I am trying to train one model using multiple data loaders.
An example I thought of is below.
for epoch in epochs:
train_loader = zip(train_loader_list[0], train_loader_list[1], train_loader_list[2])
for batch_idx, sample in enumerate(train_loader):
"""
for batch_idx in range(len(train_loader)):
sample = batch_queue.get()
batch_queue.task_done()
"""
data_time.update(time.time() - end)
for i in range(0, len(sample)):
input = sample[i]['image'].cuda()
target = sample[i]['label'].cuda()
target_exist = sample[i]['exist'].cuda()
output, output_exist = model(input) # output_mid
loss_seg = criterion(torch.nn.functional.log_softmax(output, dim=1), target)
loss_exist = criterion_exist(output_exist, target_exist)
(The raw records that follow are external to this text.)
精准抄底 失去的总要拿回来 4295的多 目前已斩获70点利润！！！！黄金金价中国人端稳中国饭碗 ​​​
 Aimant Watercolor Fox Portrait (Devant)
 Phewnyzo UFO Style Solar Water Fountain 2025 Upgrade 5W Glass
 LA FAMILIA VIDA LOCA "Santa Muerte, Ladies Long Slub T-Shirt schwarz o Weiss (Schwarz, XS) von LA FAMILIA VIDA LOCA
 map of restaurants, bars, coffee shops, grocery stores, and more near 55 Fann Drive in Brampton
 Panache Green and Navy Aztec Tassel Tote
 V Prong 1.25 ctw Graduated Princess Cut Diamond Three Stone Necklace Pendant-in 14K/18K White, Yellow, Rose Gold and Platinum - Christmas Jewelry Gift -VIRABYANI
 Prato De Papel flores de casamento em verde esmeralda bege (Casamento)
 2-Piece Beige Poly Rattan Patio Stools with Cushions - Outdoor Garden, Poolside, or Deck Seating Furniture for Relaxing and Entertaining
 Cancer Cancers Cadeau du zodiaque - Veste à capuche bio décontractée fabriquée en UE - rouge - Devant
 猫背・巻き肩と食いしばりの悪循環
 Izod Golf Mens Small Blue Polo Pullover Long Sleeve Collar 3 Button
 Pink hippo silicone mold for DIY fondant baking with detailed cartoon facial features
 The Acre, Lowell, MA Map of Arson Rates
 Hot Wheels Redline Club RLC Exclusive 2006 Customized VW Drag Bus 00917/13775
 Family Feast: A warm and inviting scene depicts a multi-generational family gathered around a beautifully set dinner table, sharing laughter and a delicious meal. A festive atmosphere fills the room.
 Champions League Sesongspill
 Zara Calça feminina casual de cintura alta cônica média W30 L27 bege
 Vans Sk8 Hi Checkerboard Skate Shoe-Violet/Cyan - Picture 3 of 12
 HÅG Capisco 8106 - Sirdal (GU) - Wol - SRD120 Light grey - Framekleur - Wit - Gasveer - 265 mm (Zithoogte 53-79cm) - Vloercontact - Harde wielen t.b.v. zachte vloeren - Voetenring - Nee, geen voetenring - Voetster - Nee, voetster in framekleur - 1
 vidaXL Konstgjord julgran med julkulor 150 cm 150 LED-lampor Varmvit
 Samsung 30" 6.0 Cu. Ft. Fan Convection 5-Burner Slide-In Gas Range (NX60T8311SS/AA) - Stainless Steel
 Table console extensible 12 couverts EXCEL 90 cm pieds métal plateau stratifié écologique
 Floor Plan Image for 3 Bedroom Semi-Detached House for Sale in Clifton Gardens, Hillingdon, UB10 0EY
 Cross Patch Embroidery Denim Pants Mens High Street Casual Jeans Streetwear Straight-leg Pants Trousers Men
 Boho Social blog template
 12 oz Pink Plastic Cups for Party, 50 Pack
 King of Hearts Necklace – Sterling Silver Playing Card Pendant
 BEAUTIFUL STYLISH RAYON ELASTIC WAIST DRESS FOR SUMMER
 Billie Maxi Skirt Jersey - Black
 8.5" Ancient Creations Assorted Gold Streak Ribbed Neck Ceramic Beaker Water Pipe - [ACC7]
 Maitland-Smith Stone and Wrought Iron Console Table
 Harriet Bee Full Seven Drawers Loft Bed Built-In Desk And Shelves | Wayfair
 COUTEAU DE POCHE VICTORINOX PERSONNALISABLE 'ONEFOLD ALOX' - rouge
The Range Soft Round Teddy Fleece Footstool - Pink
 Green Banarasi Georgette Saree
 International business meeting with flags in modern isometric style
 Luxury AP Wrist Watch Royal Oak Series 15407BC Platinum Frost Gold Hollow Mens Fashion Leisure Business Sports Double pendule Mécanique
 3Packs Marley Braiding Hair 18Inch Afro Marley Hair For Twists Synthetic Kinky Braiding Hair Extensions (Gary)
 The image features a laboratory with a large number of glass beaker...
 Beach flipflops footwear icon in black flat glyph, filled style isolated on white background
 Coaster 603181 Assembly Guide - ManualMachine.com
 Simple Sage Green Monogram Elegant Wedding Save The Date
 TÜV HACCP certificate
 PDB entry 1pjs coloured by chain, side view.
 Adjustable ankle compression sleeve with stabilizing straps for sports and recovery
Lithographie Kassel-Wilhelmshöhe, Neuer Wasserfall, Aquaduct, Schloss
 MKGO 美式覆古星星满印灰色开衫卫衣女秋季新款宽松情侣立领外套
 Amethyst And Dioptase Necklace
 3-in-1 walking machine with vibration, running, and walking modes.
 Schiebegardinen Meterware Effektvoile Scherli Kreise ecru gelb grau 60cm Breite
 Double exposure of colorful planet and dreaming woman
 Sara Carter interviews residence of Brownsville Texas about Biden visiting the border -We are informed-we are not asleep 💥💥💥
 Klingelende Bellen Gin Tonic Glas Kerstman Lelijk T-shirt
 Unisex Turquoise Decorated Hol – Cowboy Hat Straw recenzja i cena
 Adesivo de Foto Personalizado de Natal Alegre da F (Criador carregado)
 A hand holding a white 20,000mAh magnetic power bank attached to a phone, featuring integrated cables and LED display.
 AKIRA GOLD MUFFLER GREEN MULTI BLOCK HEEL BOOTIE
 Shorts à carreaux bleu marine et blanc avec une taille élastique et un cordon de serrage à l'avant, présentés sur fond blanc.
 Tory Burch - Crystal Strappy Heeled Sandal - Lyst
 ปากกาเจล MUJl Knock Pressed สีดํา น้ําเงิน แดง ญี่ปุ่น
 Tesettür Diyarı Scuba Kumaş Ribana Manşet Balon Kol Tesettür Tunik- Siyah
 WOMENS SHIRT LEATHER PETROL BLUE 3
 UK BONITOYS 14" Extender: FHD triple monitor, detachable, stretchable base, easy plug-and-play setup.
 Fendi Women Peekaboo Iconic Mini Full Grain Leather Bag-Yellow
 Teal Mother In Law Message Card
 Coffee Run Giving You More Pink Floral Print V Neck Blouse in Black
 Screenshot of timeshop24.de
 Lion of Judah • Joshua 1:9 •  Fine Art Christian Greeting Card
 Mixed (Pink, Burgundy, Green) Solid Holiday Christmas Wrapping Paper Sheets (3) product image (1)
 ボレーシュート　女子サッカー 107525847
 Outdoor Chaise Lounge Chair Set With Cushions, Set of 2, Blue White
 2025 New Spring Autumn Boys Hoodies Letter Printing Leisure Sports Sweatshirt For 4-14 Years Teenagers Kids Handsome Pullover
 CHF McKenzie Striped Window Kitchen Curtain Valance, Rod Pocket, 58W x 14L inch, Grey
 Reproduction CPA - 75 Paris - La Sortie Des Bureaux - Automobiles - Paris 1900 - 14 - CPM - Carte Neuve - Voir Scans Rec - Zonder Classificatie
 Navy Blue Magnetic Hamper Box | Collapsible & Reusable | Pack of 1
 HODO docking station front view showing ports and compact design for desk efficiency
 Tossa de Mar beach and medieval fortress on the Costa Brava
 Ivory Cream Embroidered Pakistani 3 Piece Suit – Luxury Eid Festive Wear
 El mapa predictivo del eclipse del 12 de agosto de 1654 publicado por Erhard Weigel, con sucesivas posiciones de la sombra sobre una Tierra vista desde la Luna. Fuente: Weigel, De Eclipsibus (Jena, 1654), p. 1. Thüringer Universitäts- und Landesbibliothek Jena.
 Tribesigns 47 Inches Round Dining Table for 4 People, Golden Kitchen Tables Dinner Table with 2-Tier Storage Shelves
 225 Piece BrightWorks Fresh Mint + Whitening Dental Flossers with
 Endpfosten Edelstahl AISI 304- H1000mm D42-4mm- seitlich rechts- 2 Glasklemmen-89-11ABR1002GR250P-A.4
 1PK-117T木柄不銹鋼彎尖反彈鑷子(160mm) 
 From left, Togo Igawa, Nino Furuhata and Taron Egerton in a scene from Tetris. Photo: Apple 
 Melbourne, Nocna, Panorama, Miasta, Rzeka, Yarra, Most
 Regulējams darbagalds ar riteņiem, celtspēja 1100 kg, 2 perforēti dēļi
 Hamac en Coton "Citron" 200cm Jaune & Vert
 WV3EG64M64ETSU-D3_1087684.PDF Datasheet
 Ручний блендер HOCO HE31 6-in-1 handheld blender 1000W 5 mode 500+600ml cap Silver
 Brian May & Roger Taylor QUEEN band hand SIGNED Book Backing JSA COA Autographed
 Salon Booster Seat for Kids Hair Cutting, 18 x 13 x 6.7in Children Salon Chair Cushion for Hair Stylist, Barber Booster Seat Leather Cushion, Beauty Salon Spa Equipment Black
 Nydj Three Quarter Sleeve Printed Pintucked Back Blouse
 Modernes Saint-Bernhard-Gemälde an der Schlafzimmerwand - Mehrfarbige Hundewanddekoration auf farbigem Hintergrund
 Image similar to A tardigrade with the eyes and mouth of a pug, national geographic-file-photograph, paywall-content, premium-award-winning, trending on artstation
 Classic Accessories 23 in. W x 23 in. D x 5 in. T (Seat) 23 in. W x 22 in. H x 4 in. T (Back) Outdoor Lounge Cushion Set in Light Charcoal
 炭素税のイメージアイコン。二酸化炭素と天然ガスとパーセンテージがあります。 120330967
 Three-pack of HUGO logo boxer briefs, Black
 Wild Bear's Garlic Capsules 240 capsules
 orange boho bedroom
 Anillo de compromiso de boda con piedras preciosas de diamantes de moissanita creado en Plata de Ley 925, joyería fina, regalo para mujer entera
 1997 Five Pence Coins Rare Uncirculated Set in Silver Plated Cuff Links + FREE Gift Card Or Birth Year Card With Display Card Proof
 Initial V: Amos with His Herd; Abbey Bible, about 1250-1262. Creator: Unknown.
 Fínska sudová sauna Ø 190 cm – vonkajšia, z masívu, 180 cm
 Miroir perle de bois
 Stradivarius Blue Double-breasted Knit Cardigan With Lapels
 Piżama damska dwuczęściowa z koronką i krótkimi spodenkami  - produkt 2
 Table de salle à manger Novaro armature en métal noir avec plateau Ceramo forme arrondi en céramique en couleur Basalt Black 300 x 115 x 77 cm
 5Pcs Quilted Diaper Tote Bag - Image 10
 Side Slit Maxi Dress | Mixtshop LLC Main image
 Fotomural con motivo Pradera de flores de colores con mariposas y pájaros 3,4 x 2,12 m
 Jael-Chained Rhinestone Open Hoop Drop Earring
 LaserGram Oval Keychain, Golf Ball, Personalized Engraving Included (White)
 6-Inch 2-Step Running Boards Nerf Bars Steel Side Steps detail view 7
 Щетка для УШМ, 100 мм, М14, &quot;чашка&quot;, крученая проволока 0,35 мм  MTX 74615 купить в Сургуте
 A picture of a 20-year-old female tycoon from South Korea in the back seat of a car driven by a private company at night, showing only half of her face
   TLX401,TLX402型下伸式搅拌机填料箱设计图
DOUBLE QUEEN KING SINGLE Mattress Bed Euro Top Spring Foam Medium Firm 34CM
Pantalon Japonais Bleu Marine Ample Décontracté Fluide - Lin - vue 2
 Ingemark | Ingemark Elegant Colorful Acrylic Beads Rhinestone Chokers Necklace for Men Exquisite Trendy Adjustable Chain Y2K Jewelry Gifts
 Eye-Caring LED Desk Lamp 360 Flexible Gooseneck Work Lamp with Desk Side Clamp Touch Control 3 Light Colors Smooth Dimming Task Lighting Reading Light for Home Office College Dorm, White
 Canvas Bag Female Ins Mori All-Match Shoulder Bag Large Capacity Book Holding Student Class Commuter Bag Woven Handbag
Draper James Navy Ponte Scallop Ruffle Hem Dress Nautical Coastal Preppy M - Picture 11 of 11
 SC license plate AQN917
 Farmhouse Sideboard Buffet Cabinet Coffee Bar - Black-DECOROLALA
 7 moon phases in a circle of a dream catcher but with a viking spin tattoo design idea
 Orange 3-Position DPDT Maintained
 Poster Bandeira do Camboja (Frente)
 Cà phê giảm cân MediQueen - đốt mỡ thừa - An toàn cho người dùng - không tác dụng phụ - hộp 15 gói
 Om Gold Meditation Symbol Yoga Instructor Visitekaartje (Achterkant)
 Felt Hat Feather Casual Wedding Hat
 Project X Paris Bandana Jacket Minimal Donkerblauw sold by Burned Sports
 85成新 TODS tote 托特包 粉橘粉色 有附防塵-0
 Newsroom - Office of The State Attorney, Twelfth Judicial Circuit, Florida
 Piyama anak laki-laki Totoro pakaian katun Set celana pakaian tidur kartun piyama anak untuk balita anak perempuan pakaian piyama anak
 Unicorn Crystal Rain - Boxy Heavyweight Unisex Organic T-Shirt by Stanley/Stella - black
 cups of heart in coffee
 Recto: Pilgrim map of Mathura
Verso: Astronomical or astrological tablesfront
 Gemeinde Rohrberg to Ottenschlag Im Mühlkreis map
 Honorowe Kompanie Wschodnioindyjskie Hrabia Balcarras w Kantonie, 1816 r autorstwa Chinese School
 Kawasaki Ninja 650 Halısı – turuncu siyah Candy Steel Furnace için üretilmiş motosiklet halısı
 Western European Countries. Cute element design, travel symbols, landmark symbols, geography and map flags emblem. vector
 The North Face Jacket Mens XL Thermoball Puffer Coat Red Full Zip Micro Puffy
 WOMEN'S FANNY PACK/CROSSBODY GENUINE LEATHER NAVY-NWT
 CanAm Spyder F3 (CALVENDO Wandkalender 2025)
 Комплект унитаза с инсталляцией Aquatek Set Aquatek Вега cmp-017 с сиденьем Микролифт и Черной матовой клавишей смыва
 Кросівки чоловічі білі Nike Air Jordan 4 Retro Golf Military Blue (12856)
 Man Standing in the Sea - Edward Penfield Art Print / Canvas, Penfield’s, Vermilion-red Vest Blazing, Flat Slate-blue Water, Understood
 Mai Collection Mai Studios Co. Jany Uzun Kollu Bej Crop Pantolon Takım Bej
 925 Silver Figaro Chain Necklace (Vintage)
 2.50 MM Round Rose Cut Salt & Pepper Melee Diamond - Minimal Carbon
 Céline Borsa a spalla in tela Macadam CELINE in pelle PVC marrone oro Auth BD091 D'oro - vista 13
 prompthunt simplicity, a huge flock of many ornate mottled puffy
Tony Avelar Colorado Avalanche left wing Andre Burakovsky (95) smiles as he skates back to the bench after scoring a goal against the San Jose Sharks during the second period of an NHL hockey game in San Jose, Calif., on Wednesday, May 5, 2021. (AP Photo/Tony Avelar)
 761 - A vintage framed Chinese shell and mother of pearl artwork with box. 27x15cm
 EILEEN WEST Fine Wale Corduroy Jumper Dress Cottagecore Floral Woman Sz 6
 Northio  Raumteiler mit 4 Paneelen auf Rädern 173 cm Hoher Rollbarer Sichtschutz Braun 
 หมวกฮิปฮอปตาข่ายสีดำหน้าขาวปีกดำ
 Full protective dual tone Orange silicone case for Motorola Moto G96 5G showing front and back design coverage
loss = loss_seg + loss_exist * 0.1
loss_avg += loss
loss_avg = loss_avg / len(sample)
losses.update(loss_avg.data.item(), input.size(0))
optimizer.zero_grad()
loss_avg.backward()
optimizer.step()
I want to average the loss values of 3 data loaders and backward them.
I use DistributedDataParallel
“RuntimeError: one of the variables needed for gradient computation has been modified by an inplace operation: [torch.cuda.FloatTensor [32]] is at version 5; expected version 4 instead. Hint: enable anomaly detection to find the operation that failed to compute its gradient, with torch.autograd.set_detect_anomaly(True).”
An above error occurs when proceeding in the following way.
I don’t know which part is the problem.
Please help me.
Thank you